Association pour l’Histoire de l’Administration des Douanes

Gabelous et Culs salés

Mis en ligne le 12 juillet 2018

La fraude de sel au XIX° siècle dans le Morbihan

 

Cet article s’inscrit dans une publication plus générale sur ce sujet publiée par « l’Association des Amis de la réserve naturelle des marais de Séné » (7 rue des Ajoncs 56860 Séné). Nous les remercions, ainsi que monsieur Yvon Dufrêne, de nous avoir autorisé à publier ces pages. Dans les premières années du XIX° siècle, les douaniers chargés de faire respecter les lois n’ont pas la tâche facile. Assurer la surveillance des marais et faire la chasse aux fraudeurs dans le périmètre de la ligne des douanes n’est qu’une de leurs missions.

 

La surveillance des marais

 

Le travail des préposés affectés à la surveillance des marais consistait surtout en de longues factions immobiles au cours de services de nuit, particulièrement pénibles en automne et en hivers. La veille se faisait à deux ; l’un se reposait sur le behin de sa cabane de torchis, qui servait d’abri en cas d’intempéries, pendant que l’ autre montaient la garde.
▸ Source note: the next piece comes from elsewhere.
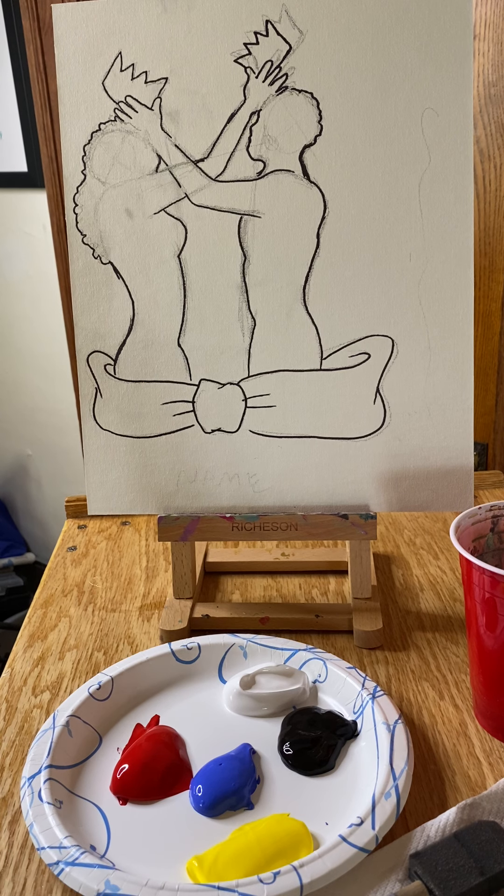Welcome to your Left-Handed Bandit mobile paint party experience. Today's theme is a king and queen crowning one another. For this piece you're going to need the colors red, white, black, yellow, and blue. We won't necessarily be using all these colors, but we want to have them in case we decide to try our own twist to the painting.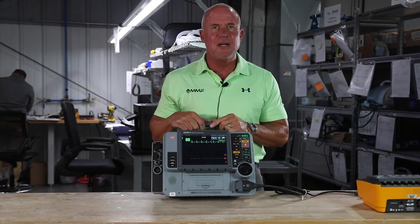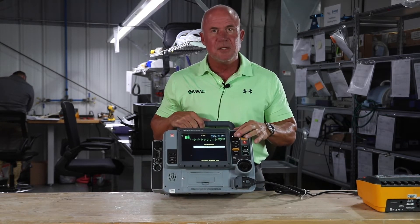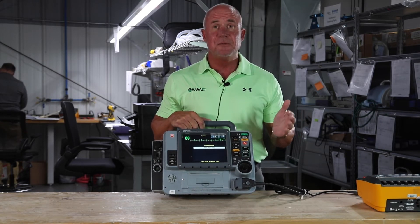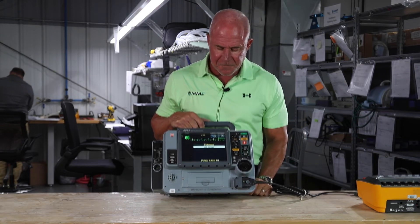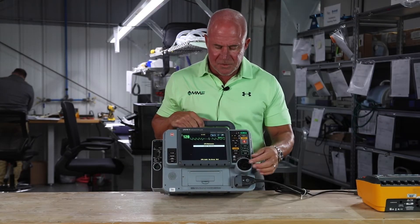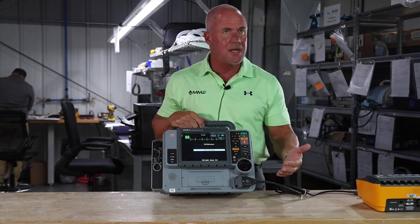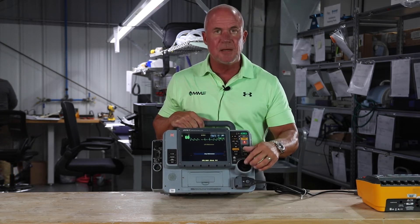One of the features that makes the LifePak 15 unique is that it includes a CPR metronome. With one push of a button you can activate the metronome, and if you can zone in to that beat, you're doing at least 100 compressions a minute. It also guides you so that you're not hyper or hypoventilating your patient. Once you get an airway on your patient, you can switch to adult with an airway. Or if you're working on a youth patient, you have two options: with or without an airway. To stop the metronome, simply press CPR and scroll down to stop metronome.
Il fallait rester vigilant car, outre les contrebandiers, il était nécessaire de rester éveillé pour ne pas être surpris à dormir lors de la ronde du lieutenant ou du sous-lieutenant. Un signe de reconnaissance que devait avoir entre les mains celui qui assurait la garde, permettait à ceux-ci, lorsqu’ils découvraient les deux préposés endormis, de savoir quel était celui qui était fautif. Des chiens les accompagnaient souvent, qui les prévenaient de l’approche des fraudeurs.

Voilà comment Adrien Régent, dont le père fut douanier, décrit la veille des préposés : « Rendus aux marais, les veilleurs se dispersaient et chacun s’installait, lui et ses chiens, sur sa pantière. Le douanier se promenait çà et là, se réfugiant contre les intempéries dans une cabane en terre appelée abri-vent ». (André Régent : La presqu’île de Rhuys, 1902).

 

La chasse aux déserteurs et aux réfractaires au service militaire

 

La loi Jourdan de 1798 avait institué le service militaire obligatoire. Mais, dans le Morbihan, comme dans toute la Bretagne, les réfractaires et les déserteurs étaient nombreux et l’une des missions des préposés était de leur faire la chasse. Ils recevaient pour cela une gratification de 25 francs par homme capturé (Décret impérial du 12 janvier 1811).

Capture de trois déserteurs par les douaniers du poste de Kerbiscon à Séné en juillet 1810 « Je soussigné maréchal des logis chargé du service de la gendarmerie impériale à Vannes, reconnais que monsieur Jehan, sous-lieutenant de la douane impériale, stationné à Kerbiscon… étant accompagné de ses préposés, a amené devant moi les nommés Jean George Wendeling, Stanislas Schmoll et Jean Kanitino, tous trois accusés de désertion du 4° régiment suisse ».

 

Présence des douaniers lors de la pesée du sel, du chargement et du déchargement des marchandises dans les ports

 

Jet de lest à Conleau dans le chenal d’entrée du port de Vannes. Le 16 novembre 1808 « François Christophe Tiret, maître de port de première classe à Vannes » accompagné du sieur « Loget, gendarme de la marine », se rend à bord du « bâtiment Le Constant, mouillé dans le chenal à peu près entre l’isle Conleau et le poste de Langle » car les douaniers de ce poste lui ont signalé qu’une grande quantité de lest a été jetée depuis ce navire dans le chenal.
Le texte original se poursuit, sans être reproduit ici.